Only the lines from the one containing "Duitse rijpony, Ruin, veulen" through the end of the listing belong in the answer, repeated exactly, with no pictures.

-*-

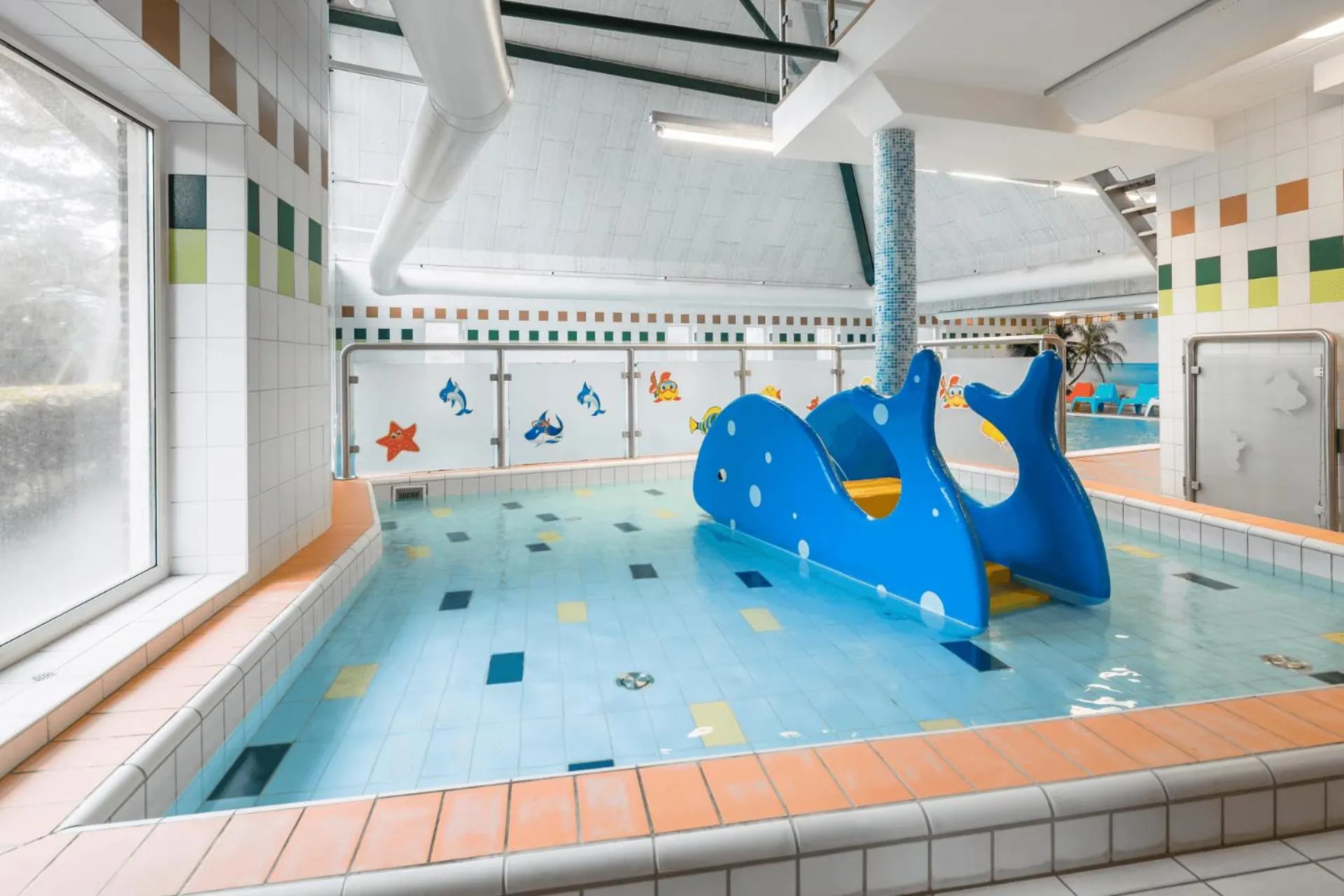 Swimming pool in Landgoed Het Grote Zand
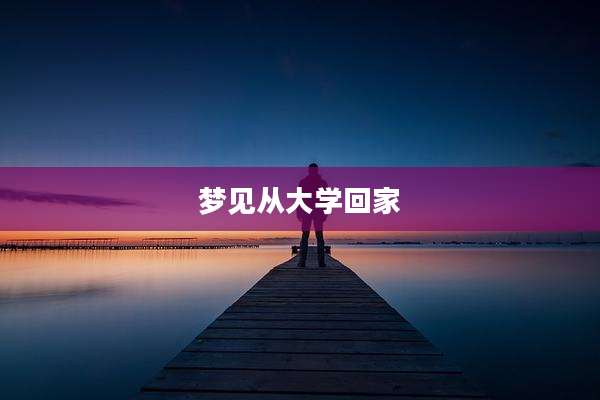 梦见从大学回家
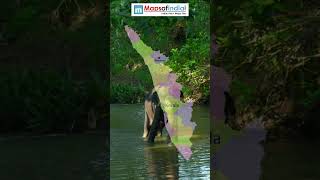 Wayanad – Kerala’s Hidden Paradise 🌿🐘 | Nature at Its Purest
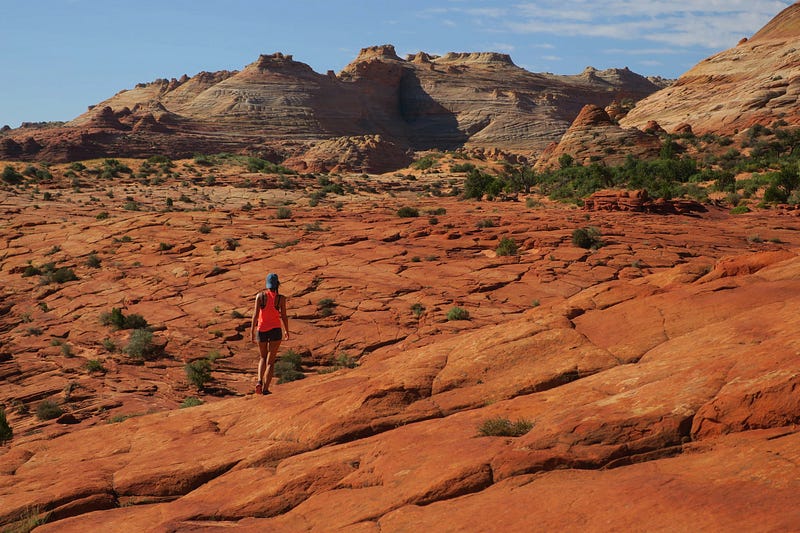 A person standing in the middle of an eroded landscape with some hills in the background.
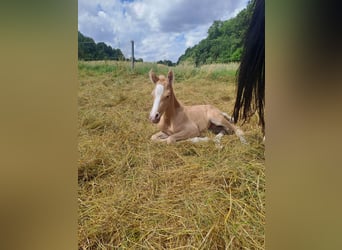 Duitse rijpony, Ruin, veulen (06/2023), 148 cm, Palomino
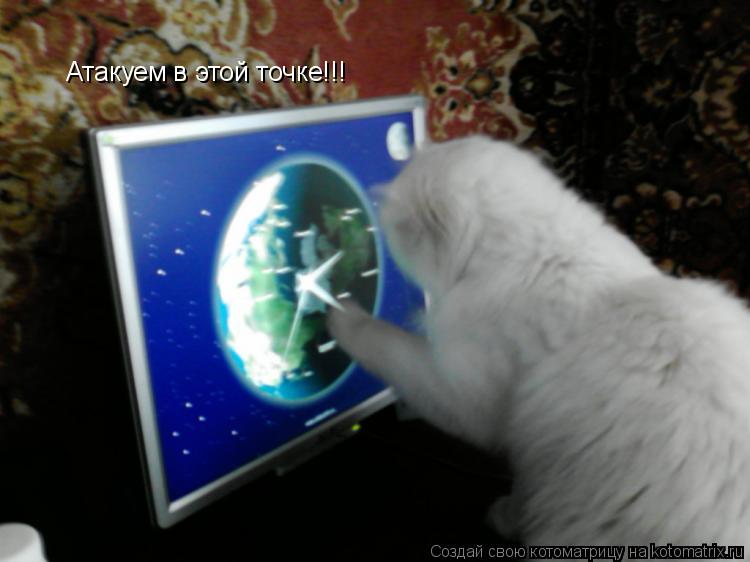 Атакуем в этой точке!!!... Котоматрица: Атакуем в этой точке!!!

-*-

■ RESULT BELOW ■
 Duitse rijpony, Ruin, veulen (06/2023), 148 cm, Palomino
 Атакуем в этой точке!!!... Котоматрица: Атакуем в этой точке!!!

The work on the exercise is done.